*** Opening Supplied records ***
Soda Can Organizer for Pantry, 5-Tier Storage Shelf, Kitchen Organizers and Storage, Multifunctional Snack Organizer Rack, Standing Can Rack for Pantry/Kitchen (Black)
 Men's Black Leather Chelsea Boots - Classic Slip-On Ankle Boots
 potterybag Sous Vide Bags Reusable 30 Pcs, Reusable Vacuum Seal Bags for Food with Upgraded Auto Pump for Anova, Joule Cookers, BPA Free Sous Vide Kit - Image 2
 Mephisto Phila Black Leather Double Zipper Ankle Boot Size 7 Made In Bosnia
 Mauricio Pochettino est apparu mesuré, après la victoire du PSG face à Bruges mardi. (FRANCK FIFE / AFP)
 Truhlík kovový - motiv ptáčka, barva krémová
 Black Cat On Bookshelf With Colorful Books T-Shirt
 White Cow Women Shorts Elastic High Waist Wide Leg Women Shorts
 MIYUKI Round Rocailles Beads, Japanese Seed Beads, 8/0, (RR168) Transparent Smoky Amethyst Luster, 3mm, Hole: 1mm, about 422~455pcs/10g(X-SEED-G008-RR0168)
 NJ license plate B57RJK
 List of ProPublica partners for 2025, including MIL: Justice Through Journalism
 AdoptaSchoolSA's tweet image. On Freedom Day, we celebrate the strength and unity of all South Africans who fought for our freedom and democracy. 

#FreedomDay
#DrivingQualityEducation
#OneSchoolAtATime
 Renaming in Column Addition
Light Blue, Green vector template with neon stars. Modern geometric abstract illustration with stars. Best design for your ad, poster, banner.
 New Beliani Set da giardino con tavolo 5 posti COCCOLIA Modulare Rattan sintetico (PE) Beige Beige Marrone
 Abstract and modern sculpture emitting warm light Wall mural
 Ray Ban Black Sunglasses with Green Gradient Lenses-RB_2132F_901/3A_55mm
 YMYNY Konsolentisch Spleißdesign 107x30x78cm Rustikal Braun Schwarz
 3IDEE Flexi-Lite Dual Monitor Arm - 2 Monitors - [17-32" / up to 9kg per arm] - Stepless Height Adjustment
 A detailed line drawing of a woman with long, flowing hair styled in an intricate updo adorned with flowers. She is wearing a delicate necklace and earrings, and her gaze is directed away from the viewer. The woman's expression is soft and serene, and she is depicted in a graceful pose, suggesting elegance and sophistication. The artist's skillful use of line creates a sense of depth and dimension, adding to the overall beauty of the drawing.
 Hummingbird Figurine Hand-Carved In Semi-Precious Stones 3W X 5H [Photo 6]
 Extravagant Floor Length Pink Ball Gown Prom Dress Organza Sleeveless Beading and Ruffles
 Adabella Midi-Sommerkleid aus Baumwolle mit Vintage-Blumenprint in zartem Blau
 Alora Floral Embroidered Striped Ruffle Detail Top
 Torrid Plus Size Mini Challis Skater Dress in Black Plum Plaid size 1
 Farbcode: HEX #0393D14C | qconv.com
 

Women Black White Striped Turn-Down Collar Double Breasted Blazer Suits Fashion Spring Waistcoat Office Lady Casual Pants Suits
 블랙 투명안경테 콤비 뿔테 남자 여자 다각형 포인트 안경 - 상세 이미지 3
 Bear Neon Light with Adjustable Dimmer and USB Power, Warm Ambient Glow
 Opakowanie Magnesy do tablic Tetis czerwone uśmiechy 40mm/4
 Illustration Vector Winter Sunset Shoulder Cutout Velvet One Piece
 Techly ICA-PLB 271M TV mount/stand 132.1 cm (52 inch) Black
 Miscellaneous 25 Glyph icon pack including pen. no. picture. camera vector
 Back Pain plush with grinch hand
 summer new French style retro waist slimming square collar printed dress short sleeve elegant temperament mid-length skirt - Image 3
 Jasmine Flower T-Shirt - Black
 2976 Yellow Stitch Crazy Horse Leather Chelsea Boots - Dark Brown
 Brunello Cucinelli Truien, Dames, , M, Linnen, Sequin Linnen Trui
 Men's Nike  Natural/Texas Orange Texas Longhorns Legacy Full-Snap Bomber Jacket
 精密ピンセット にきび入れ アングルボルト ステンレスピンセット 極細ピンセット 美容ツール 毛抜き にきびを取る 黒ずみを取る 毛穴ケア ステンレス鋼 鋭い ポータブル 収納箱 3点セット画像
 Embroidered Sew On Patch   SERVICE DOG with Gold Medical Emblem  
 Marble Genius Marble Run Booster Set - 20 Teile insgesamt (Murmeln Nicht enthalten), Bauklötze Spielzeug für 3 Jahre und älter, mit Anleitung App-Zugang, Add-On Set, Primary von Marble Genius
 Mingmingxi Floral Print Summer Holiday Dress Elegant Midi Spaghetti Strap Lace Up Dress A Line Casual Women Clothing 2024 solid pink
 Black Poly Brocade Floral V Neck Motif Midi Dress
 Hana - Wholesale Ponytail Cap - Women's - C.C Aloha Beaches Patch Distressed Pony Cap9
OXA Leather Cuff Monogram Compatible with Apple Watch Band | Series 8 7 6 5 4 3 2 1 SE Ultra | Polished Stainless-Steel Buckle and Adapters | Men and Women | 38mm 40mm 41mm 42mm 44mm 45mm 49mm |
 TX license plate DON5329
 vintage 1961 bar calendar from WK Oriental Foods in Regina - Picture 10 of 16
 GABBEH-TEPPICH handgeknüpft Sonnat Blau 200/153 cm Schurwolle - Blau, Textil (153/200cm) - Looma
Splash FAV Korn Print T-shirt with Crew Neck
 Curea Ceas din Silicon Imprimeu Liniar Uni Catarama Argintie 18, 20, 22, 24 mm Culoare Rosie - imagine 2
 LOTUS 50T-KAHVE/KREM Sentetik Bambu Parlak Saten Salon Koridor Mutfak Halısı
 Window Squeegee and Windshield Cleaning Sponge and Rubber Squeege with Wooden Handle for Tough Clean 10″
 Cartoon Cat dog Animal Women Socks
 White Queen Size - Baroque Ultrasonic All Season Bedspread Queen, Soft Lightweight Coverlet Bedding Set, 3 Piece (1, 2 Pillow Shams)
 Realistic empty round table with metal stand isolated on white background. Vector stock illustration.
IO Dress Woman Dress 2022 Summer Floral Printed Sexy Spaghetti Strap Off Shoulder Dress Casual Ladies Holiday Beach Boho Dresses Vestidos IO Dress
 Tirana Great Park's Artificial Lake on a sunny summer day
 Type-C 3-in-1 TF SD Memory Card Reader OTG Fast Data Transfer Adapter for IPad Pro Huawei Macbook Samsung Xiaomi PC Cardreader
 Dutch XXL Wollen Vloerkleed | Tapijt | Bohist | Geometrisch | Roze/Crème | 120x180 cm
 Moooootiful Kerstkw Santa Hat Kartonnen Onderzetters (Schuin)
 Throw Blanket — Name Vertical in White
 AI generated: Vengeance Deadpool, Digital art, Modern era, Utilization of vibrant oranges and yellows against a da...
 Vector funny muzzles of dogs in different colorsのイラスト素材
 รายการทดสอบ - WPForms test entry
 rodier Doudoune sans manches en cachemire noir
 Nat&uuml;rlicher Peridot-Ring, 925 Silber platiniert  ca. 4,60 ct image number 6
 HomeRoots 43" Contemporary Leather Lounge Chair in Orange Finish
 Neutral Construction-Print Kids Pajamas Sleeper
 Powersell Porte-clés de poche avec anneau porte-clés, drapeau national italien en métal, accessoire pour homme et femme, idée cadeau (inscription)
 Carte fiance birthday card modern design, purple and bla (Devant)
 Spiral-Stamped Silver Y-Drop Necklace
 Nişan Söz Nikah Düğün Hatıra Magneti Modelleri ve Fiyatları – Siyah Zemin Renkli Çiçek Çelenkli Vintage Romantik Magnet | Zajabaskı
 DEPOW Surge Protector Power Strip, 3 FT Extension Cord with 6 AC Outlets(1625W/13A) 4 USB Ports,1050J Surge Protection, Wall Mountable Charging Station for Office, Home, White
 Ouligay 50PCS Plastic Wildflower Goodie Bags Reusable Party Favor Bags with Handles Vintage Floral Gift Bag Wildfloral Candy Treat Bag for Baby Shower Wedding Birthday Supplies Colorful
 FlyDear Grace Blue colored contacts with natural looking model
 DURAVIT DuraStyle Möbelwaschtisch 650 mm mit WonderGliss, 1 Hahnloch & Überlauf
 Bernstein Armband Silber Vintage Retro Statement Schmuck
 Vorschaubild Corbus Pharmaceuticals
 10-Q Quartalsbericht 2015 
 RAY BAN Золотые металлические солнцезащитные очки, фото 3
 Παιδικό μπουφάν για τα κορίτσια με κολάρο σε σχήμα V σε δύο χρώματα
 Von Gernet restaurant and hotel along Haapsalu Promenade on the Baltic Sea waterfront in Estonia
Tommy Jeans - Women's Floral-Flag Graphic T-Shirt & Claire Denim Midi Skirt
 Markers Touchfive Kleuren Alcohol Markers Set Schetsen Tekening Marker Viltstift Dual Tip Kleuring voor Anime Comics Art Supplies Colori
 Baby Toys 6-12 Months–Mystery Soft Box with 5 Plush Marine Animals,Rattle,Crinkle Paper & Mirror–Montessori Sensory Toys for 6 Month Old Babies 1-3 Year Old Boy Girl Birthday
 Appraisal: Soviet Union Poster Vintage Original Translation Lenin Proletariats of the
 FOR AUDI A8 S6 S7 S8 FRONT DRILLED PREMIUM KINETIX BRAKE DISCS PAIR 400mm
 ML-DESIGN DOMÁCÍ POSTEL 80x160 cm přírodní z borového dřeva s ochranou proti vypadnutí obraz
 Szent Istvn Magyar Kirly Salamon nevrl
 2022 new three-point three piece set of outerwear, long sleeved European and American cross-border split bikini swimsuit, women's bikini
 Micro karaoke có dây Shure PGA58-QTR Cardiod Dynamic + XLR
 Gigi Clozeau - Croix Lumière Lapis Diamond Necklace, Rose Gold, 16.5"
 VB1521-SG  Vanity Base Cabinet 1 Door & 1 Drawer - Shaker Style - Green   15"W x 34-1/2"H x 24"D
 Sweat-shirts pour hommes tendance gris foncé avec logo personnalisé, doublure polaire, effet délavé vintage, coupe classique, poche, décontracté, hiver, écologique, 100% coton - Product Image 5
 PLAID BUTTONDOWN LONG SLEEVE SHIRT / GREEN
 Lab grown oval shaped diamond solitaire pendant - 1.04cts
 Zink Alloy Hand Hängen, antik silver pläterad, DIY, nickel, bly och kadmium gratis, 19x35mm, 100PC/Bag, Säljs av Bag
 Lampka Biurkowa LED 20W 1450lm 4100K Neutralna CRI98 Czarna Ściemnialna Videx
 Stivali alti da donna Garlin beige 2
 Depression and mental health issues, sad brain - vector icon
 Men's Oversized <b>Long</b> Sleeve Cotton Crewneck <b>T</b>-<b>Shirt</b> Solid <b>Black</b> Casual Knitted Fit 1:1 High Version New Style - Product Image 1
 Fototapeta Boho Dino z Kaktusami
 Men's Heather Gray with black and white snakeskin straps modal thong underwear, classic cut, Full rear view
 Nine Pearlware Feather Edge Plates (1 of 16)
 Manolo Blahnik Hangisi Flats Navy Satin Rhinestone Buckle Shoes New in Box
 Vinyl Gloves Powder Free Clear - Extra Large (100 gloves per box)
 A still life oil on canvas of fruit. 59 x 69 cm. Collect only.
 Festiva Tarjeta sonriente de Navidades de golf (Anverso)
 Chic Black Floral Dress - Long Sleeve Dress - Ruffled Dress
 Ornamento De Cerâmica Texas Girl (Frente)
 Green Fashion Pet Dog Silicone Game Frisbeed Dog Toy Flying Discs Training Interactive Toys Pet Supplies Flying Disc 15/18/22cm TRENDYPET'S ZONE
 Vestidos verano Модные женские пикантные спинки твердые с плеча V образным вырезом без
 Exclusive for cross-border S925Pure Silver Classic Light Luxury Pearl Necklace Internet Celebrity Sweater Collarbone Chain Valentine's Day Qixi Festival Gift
*** Closing Supplied records ***
Directions for this task:
Reproduce verbatim only the segment of the listing bounded by the line containing "ML-DESIGN DOMÁCÍ POSTEL" and the line containing "Vanity Base Cabinet", with both boundary lines included.

Response box:
 ML-DESIGN DOMÁCÍ POSTEL 80x160 cm přírodní z borového dřeva s ochranou proti vypadnutí obraz
 Szent Istvn Magyar Kirly Salamon nevrl
 2022 new three-point three piece set of outerwear, long sleeved European and American cross-border split bikini swimsuit, women's bikini
 Micro karaoke có dây Shure PGA58-QTR Cardiod Dynamic + XLR
 Gigi Clozeau - Croix Lumière Lapis Diamond Necklace, Rose Gold, 16.5"
 VB1521-SG  Vanity Base Cabinet 1 Door & 1 Drawer - Shaker Style - Green   15"W x 34-1/2"H x 24"D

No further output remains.